Community engagement activities are being conducted in Peru as part of a new model of care. However, their structure, frequency, and content are perceived by clinicians and policy-makers as highly variable due to a lack of consistent training and resources across CMHCs. Barriers to implementation should be quickly addressed and potential solutions executed, so that scale-up best optimizes the utilization of resources in the implementation process.
全球精神健康状况负担沉重,促使人们为精神疾病患者实施新的护理模式。秘鲁最近的精神健康改革包括实施社区精神卫生模式(CMHM),该模式的核心目标之一是通过专门设施,即社区精神卫生中心(CMHC),在社区提供护理。社区参与是该模式的关键组成部分。本研究旨在描述三个 CMHC 目前护理模式中社区参与活动的看法,并确定实施过程中的障碍和潜在解决方案。

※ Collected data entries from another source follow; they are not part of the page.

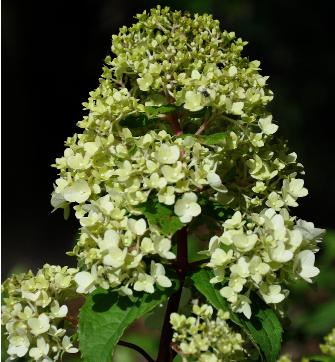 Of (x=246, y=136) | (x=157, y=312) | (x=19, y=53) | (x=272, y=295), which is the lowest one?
(x=272, y=295)

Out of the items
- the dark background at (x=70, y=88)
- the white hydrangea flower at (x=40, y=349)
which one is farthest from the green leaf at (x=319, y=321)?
Answer: the white hydrangea flower at (x=40, y=349)

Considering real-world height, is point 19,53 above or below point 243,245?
above

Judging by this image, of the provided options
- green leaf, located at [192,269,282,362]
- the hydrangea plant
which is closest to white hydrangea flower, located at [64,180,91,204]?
the hydrangea plant

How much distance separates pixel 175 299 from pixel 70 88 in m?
4.76

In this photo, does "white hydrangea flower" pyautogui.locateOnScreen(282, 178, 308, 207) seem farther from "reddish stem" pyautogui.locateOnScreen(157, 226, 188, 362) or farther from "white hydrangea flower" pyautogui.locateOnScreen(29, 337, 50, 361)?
"white hydrangea flower" pyautogui.locateOnScreen(29, 337, 50, 361)

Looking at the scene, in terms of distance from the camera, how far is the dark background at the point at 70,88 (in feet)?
17.8

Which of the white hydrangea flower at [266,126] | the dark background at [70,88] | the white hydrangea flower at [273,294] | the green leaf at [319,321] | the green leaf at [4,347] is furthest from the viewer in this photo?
the dark background at [70,88]

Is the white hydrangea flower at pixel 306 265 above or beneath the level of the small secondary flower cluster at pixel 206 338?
above

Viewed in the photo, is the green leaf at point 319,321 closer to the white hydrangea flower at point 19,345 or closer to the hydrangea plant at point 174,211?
the hydrangea plant at point 174,211

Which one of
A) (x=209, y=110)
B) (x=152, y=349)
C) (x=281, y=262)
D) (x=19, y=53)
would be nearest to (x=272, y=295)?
(x=281, y=262)

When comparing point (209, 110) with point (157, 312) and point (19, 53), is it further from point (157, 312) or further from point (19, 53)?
point (19, 53)

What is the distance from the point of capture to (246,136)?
1424mm

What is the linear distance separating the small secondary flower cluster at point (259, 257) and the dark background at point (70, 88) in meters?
3.89

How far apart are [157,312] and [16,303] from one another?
40 cm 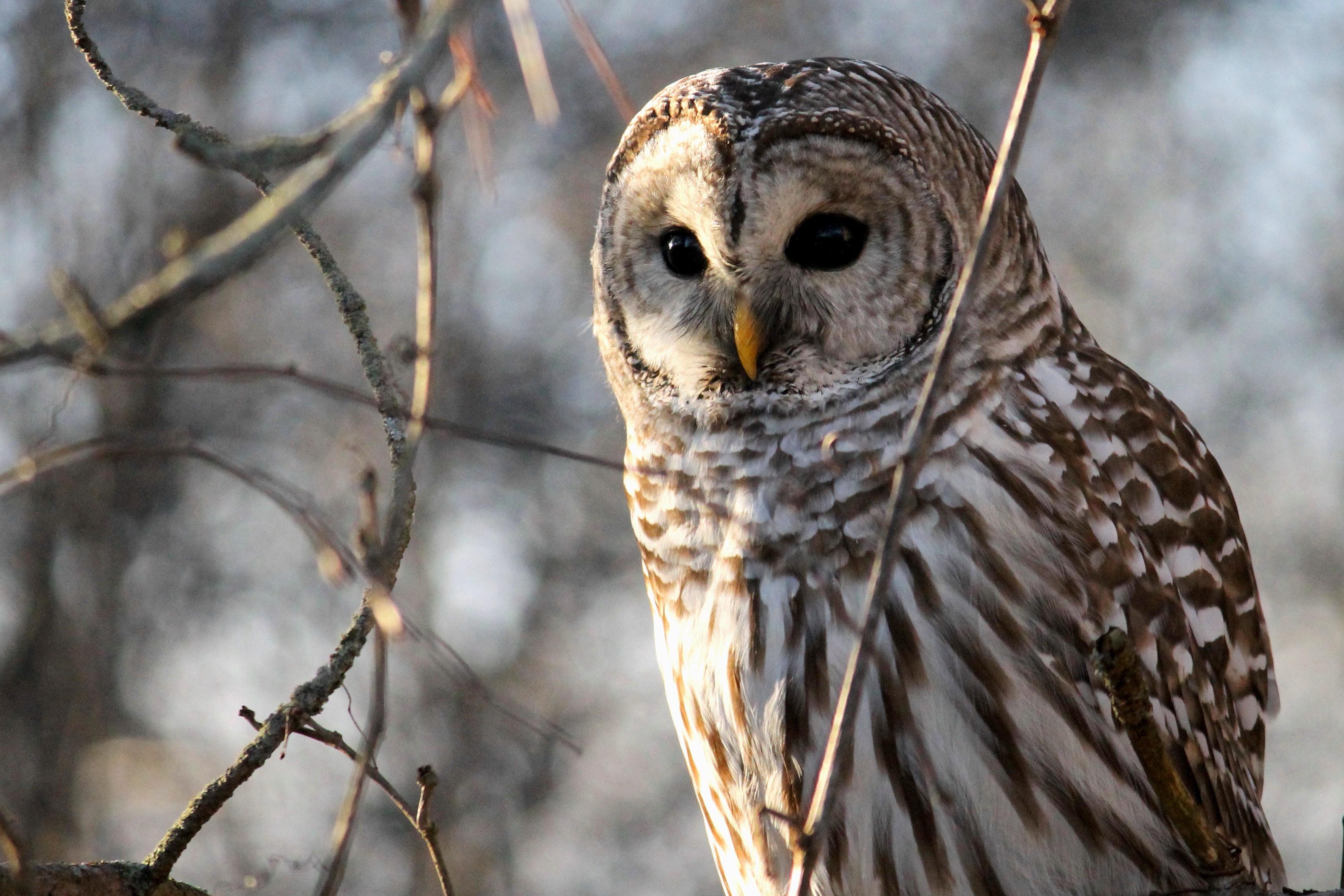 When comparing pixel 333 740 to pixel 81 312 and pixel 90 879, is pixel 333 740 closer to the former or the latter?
pixel 90 879

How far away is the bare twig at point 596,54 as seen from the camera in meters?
2.01

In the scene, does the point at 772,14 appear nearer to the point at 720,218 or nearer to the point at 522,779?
the point at 522,779

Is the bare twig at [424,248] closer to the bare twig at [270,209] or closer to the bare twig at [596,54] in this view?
the bare twig at [270,209]

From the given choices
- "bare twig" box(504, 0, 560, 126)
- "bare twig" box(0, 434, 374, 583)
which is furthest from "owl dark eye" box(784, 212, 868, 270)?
"bare twig" box(0, 434, 374, 583)

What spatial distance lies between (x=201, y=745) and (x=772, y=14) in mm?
7949

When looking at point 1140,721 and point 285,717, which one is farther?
point 285,717

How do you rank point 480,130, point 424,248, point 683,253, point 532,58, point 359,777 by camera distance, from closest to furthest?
point 424,248 < point 359,777 < point 532,58 < point 480,130 < point 683,253

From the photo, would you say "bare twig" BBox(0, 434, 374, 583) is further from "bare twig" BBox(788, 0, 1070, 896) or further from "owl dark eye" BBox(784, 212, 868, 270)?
"owl dark eye" BBox(784, 212, 868, 270)

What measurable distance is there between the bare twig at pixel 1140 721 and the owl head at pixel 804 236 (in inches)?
48.0

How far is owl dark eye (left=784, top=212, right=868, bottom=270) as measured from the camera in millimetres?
2957

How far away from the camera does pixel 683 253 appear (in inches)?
122

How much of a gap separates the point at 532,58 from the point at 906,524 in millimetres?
1325

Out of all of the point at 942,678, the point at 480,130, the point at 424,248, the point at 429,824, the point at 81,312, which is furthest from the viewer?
the point at 942,678

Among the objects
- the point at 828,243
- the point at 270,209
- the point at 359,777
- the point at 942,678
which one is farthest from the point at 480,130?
the point at 942,678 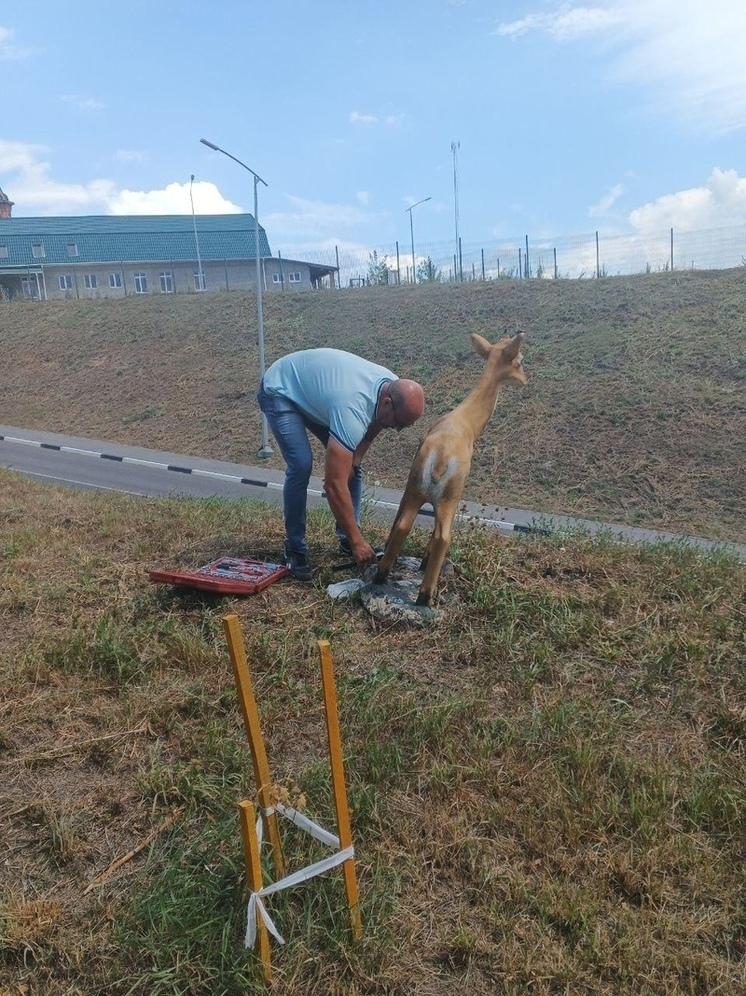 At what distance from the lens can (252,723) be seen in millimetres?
2178

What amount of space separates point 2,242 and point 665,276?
1371 inches

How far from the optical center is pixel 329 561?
4980 millimetres

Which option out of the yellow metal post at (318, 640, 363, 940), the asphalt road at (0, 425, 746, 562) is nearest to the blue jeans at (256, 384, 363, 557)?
the yellow metal post at (318, 640, 363, 940)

在秘鲁的两个地区,对来自三个 CMHC 的临床医生和参与精神卫生改革实施的政策制定者进行了一项使用深入半结构化访谈的定性研究。在征得同意的情况下,使用西班牙语进行访谈,对访谈进行数字记录、转录,并应用扎根理论原则,采用框架方法进行分析。描述了在患者护理的不同阶段开展的社区参与活动。

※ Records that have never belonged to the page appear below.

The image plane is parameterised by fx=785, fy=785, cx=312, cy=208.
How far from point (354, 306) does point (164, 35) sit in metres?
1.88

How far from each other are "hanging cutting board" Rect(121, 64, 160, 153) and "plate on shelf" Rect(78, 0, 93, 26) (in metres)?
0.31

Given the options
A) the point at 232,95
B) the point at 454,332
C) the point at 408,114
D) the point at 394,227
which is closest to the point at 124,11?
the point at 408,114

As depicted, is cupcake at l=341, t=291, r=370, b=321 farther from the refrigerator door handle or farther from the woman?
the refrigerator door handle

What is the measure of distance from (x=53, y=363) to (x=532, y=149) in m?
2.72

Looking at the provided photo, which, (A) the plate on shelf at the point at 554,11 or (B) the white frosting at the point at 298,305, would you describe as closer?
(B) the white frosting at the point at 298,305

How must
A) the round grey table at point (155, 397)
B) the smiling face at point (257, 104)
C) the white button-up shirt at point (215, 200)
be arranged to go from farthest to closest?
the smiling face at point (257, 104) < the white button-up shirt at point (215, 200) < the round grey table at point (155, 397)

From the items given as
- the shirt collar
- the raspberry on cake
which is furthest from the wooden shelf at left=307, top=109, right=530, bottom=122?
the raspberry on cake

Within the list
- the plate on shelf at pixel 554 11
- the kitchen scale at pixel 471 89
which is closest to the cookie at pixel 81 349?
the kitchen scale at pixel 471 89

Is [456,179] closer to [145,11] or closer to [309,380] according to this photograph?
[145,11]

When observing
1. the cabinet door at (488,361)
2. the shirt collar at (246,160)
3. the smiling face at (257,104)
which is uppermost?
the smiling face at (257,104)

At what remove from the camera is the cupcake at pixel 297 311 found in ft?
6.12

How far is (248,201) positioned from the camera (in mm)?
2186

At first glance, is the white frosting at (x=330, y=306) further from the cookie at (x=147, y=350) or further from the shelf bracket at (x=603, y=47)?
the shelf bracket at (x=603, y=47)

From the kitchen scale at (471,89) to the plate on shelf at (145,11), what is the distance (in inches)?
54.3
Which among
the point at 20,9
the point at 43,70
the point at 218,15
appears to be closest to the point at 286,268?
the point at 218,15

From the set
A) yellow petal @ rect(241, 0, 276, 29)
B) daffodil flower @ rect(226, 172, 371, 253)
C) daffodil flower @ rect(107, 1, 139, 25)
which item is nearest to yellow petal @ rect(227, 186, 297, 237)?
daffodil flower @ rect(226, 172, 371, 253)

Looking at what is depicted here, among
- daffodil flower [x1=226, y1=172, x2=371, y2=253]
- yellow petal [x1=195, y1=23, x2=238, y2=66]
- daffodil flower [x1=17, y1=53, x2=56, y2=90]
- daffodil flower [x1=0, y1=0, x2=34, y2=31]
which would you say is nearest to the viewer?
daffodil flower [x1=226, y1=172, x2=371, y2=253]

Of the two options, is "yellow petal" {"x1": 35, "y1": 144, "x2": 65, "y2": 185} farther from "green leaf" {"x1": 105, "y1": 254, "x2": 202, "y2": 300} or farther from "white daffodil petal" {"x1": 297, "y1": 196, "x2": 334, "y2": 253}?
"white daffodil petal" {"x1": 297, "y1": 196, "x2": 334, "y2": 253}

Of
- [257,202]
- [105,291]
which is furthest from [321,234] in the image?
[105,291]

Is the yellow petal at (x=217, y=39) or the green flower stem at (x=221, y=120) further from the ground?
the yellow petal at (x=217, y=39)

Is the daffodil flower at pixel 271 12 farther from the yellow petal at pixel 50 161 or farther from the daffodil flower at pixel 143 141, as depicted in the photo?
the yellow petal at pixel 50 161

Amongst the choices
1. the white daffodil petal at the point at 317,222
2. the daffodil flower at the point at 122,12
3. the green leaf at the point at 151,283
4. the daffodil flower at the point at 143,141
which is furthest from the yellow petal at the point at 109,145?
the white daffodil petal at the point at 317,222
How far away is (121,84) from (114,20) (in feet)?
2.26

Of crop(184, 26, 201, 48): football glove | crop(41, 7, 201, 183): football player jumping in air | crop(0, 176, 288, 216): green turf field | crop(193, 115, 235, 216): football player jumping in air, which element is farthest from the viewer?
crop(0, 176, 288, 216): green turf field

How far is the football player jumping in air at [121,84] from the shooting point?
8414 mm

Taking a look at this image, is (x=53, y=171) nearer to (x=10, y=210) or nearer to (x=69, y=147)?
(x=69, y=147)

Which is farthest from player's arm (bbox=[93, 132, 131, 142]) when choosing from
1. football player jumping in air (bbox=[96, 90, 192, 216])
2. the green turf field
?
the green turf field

共访谈了 25 名全职员工(17 名女性,8 名男性),其中 21 名是来自 CMHC 的临床医生(不同健康专业),4 名是政策制定者。访谈阐明了当前正在使用的社区参与活动,包括:(1)雇用社区精神卫生工作者(CMHW);(2)家访;(3)心理社会俱乐部;(4)精神卫生讲习班和运动;以及(5)同伴支持小组。参与者认为,基础设施和财政资源不足、对 CMHM 缺乏了解、划定的服务范围不明确、污名化和劳动生产率方法不当等是方案实施的障碍。参与者提出的解决方案包括增加对精神卫生和新模式的了解和认识、实施同伴培训,以及改进劳动生产率评估和研究举措。
秘鲁正在开展社区参与活动,作为新护理模式的一部分。然而,临床医生和政策制定者认为,由于各 CMHC 之间缺乏一致的培训和资源,这些活动在结构、频率和内容方面存在很大差异。应迅速解决实施障碍,并执行潜在的解决方案,以便在实施过程中最好地优化资源的利用。